ServiceElement = OptionDecl |
MethodDecl |
EmptyDecl .
Example
service BlobService {
rpc CreateBlob(CreateBlobRequest) returns (CreateBlobResponse);
rpc FetchBlob(FetchBlobRequest) returns (FetchBlobResponse);
rpc UpdateBlob(UpdateBlobRequest) returns (UpdateBlobResponse);
rpc DeleteBlob(DeleteBlobRequest) returns (DeleteBlobResponse);
}

Methods

Each method defines a single operation and must indicate the method's input and output types, also known as request and response type respectively.

MethodDecl = rpc MethodName InputType returns OutputType semicolon |
rpc MethodName InputType returns OutputType l_brace { MethodElement } r_brace .

MethodName = identifier .
InputType = MessageType .
OutputType = MessageType .
MethodElement = OptionDecl |
EmptyDecl .

MessageType = l_paren [ stream ] MethodDeclTypeName r_paren .
Examples
rpc QueryBlobs(QueryBlobsRequest) returns (stream blobsvc.model.Blob);
rpc BatchCreateBlobs(stream CreateBlobRequest) returns (BatchCreateBlobsResponse);
rpc PatchBlob(PatchBlobRequest) returns (.blobsvc.model.Blob) {
option deprecated = true;
}

The stream keyword may appear in either the method's input or output type, or even both. When present, it indicates that the type of the input or output is a sequence of zero or more instances of the named message type. If not present, the input or output is exactly one of the named message type.

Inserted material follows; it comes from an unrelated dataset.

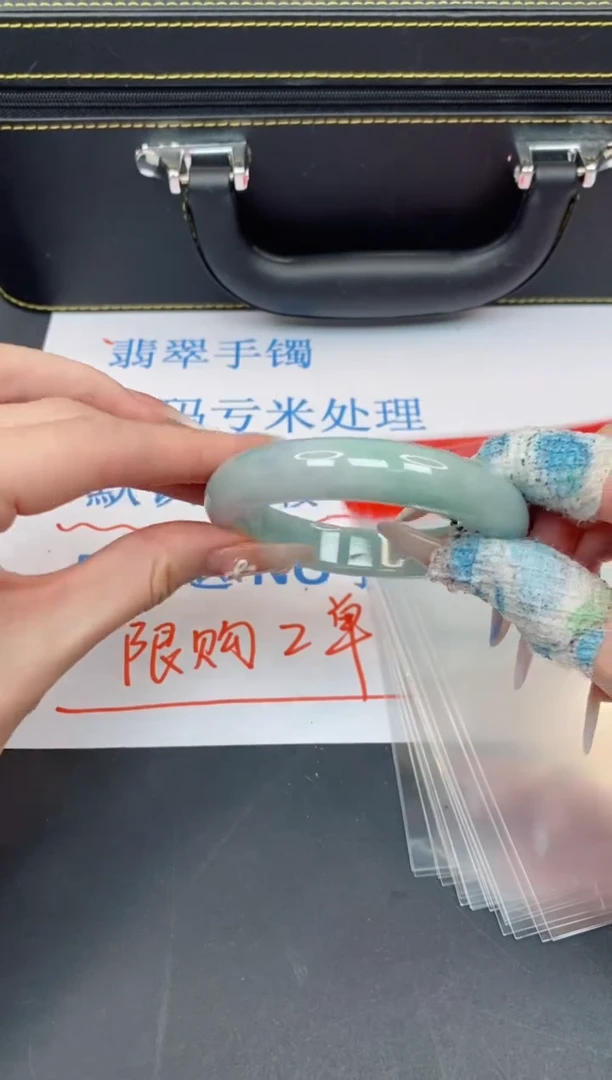未镶嵌手镯翡翠有瑕疵NO退换-136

A method that uses streams for neither input nor output is known as a "unary" method. If it uses a stream only for the input type, it is known as a "client-streaming" method. If it uses a stream only for the output type, it is known as a "server-streaming" method. Finally, if it uses streams for both input and output, it is known as a "bidi-streaming" method. Depending on the underlying transport, a bidi-streaming method may support full duplex bidi-streaming, where the client can send input messages and the server can send output messages asynchronously and concurrently. (Standard HTTP 1.1, on the other hand, only supports half duplex bidi-streaming, where the client must send all of its input messages before the server may begin sending its output messages.)